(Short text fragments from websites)
========

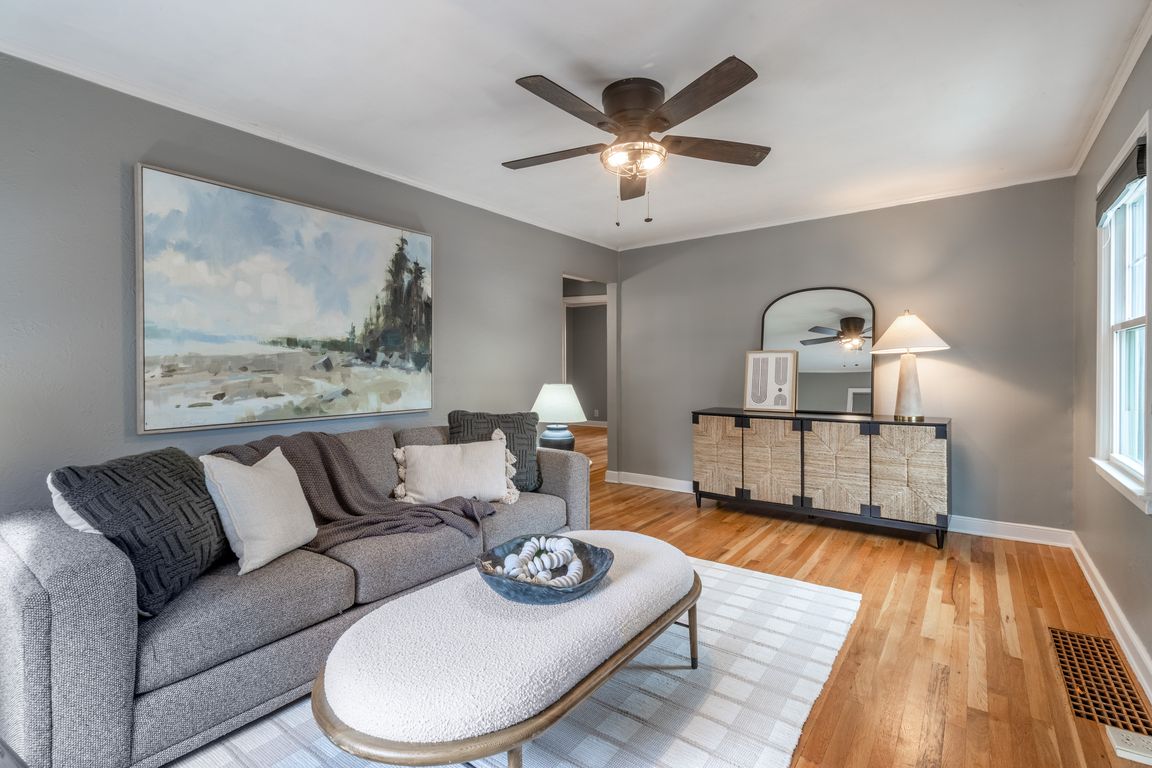 next background image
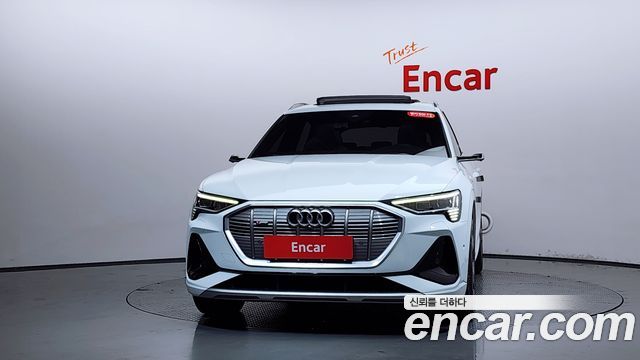 Audi e-tron 55 Quattro Sportback 2021 — фото 3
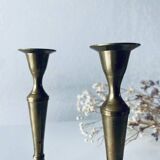 Paire de bougeoirs indiens en laiton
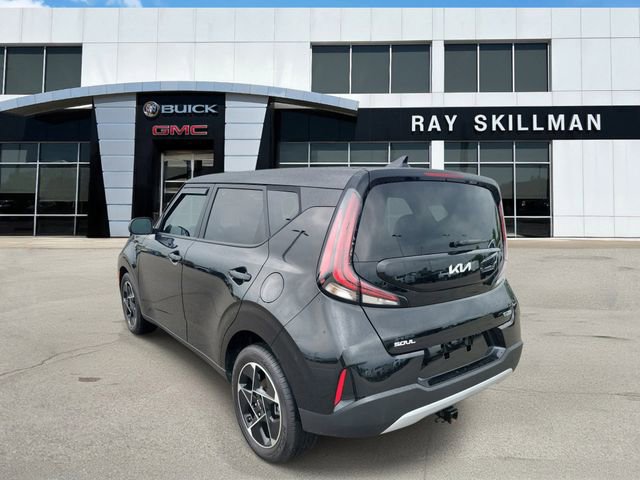 Used 2023 Kia Soul EX FWD image 3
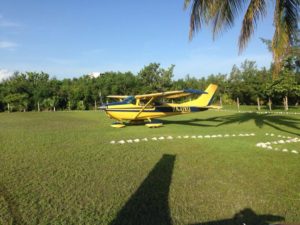Renta de avioneta para 4 pasajeros CESSNA 182 en Cancun Mexico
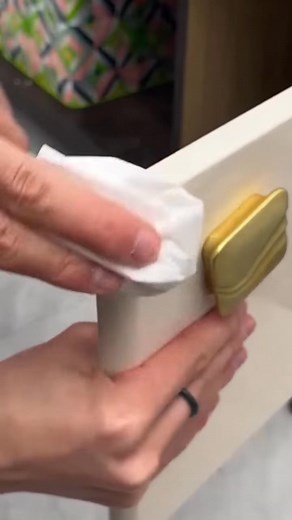 7.4K views · 25 reactions | Quick touch-ups that last—this Wood Repair Kit restores color and covers surface marks without sanding. 12 colors included. Buy it here:  https://amzn.to/4njckcO  https://amzn.to/41OpwxZ Type ‘HOME’ if you need the color chart! Like & share to support ✨ #amazonbestsellers #DIY #homeprojects #woodcare #furniturefix #amazonhomefinds | Curated Nest Hub | Facebook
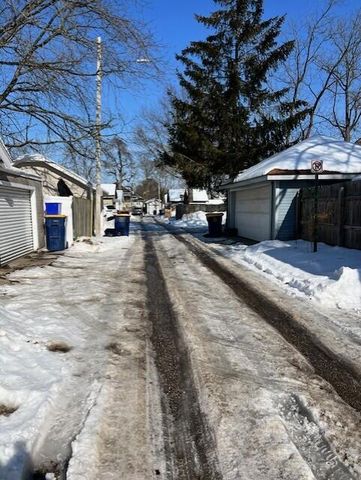 437 Rosewood Avenue Se, East Grand Rapids, MI 49506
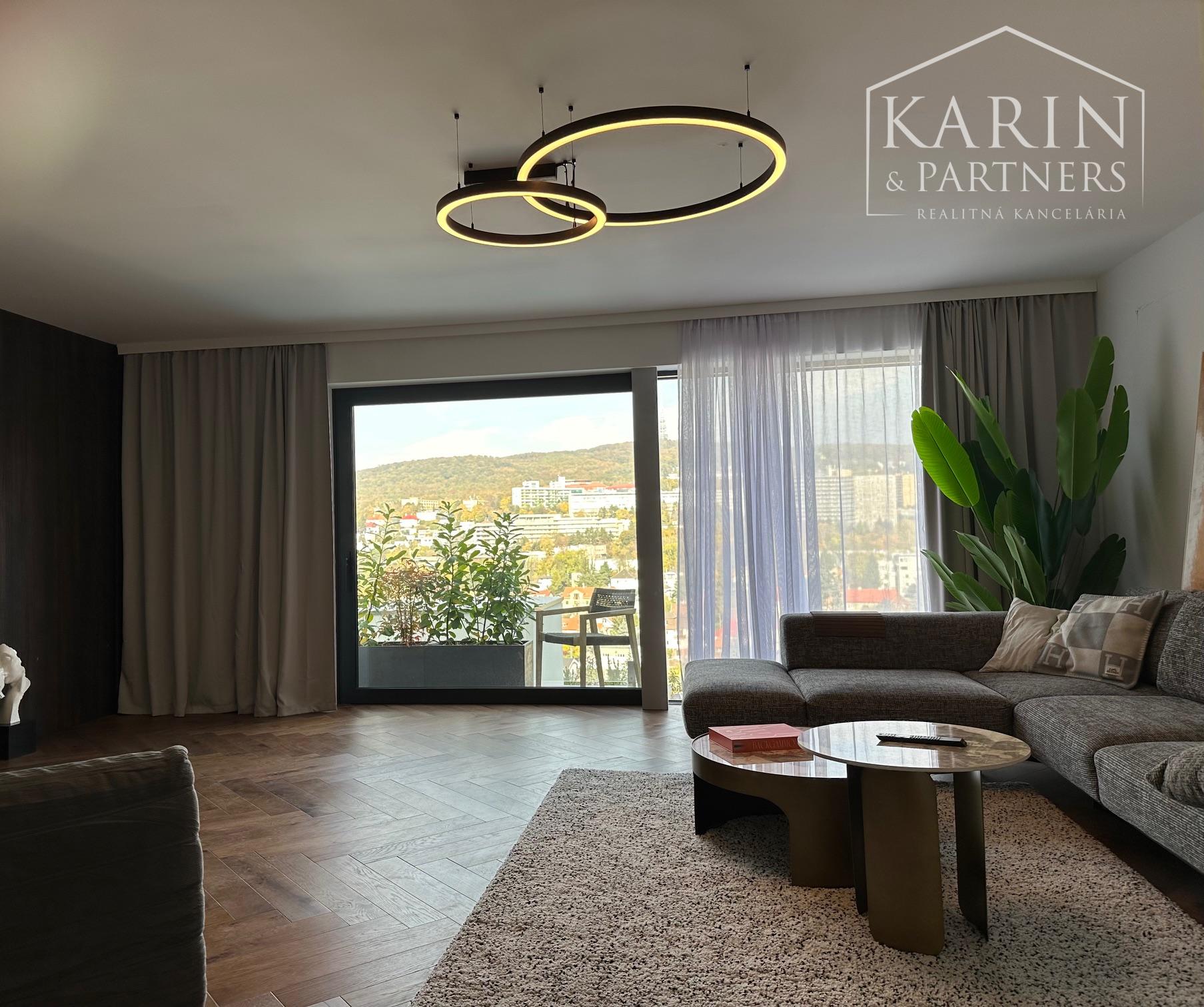 Vila s bazénom pri Horskom parku na prenájom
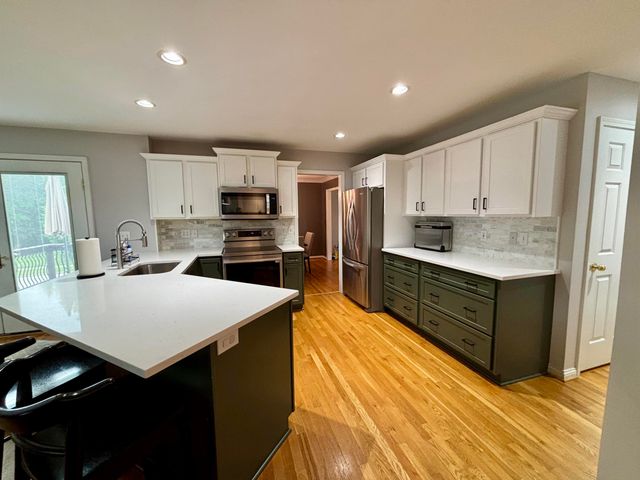 3097 Caversham Park Lane, Lexington, KY 40509
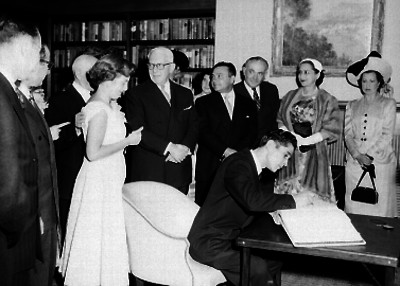 Novia firmando el acta de matrimonio civil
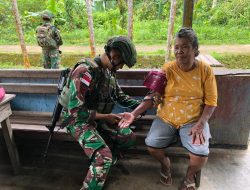 Pos Teluk Etna Satgas Yonif 642/Kps Laksanakan Cek Kesehatan Warga di Kp. Kiruru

========

■ **Problem statement**
Text only, no pictures: please print exactly the lines above from the line with "Paire de bougeoirs indiens en laiton" up to and including the line with "Vila s bazénom pri Horskom parku na prenájom", and nothing else.

■ **Response to the exercise**
 Paire de bougeoirs indiens en laiton
 Used 2023 Kia Soul EX FWD image 3
Renta de avioneta para 4 pasajeros CESSNA 182 en Cancun Mexico
 7.4K views · 25 reactions | Quick touch-ups that last—this Wood Repair Kit restores color and covers surface marks without sanding. 12 colors included. Buy it here:  https://amzn.to/4njckcO  https://amzn.to/41OpwxZ Type ‘HOME’ if you need the color chart! Like & share to support ✨ #amazonbestsellers #DIY #homeprojects #woodcare #furniturefix #amazonhomefinds | Curated Nest Hub | Facebook
 437 Rosewood Avenue Se, East Grand Rapids, MI 49506
 Vila s bazénom pri Horskom parku na prenájom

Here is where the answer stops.